Changing the underlying data model for a technology is hard, of course, but it’s not impossible (SQL has done so, at least in some ways, and that’s one reason for its longevity). I think Rennau’s proposal merits serious discussion. It’s certainly one of the most far-reaching papers at this year’s conference.

Several talks address the relation of XML and non-XML notations for languages, and I’m looking forward to the discussions that that thread of the conference elicits. David Lee, now with MarkLogic, considers what life would be like if we marked up structure in programming languages the way we mark it up in documents. Norm Walsh continues the thread with a discussion of the general issue with particular reference to possible designs for a ‘compact syntax’ for XProc. Mark D. Flood, Matthew McCormick, and Nathan Palmer approach the problem complex from a different and enlightening angle, that of literate programming, in their case literate programming for the development of test cases for scientific function libraries. Mario Blažević offers the latest entry in the ongoing series of papers exploring how to do things with XML that were (in some form or other) part of SGML but were dropped when XML was designed. His paper shows how we might do SHORTREF in an XML context in a more general and more reliable way than was achieved when SHORTREF was bundled into SGML. And finally, Sam Wilmott opens the entire series of talks with a case study and general reflections on literate programming. I look forward to Wednesday at Balisage!

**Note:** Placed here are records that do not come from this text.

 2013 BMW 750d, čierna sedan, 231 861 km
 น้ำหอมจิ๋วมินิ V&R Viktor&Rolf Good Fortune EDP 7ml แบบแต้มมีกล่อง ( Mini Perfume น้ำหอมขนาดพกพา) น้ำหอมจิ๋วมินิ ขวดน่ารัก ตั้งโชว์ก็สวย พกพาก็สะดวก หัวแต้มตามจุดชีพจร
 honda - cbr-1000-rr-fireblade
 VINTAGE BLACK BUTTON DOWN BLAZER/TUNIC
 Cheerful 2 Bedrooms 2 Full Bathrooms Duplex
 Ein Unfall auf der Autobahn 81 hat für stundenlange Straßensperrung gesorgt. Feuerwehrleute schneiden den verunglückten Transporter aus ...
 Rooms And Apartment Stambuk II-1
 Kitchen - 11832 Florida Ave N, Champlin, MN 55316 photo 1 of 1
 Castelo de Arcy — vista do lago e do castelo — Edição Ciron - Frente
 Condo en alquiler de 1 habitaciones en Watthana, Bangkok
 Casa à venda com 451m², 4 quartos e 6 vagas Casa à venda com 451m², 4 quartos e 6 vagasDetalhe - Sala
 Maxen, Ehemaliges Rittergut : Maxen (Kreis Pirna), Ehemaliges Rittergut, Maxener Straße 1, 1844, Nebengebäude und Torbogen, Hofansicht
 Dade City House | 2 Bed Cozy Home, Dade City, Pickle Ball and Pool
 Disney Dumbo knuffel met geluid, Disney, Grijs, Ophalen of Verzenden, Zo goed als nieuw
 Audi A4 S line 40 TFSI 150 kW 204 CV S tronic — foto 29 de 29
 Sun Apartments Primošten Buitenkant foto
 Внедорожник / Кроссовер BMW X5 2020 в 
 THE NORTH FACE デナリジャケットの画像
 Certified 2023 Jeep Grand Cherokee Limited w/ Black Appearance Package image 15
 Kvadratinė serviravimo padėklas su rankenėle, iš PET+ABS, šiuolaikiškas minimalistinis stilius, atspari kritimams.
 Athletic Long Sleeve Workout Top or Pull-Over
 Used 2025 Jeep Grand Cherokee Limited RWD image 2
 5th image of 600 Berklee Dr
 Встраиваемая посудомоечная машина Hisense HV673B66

As is customary at Balisage, a few papers approach resolutely theoretical topics, either with or without overt practical applications. I’ll mention just a few: Hervé Ruellan of Canon discusses a long series of careful measurements of entropy in various data structures for XML; his paper feels in some ways like the theoretical underpinnings I wish the Efficient XML Interchange working group had had at the beginning of its work. Abel Braaksma describes the use of higher-order functions as a way to simplify XSLT stylesheet development. And Claus Huitfeldt, Fabio Vitali, and Silvio Peroni have produced a response to the paper presented in 2010 by Allen Renear and Karen Wickett of the University of Illinois claiming that documents (as we conventionally try to formalize them) do not exist. Huitfeldt and his co-authors explore the possibility of viewing documents as ‘timed abstract objects’.

Theory, practice, practice, and theory. I look forward to seeing you at Balisage.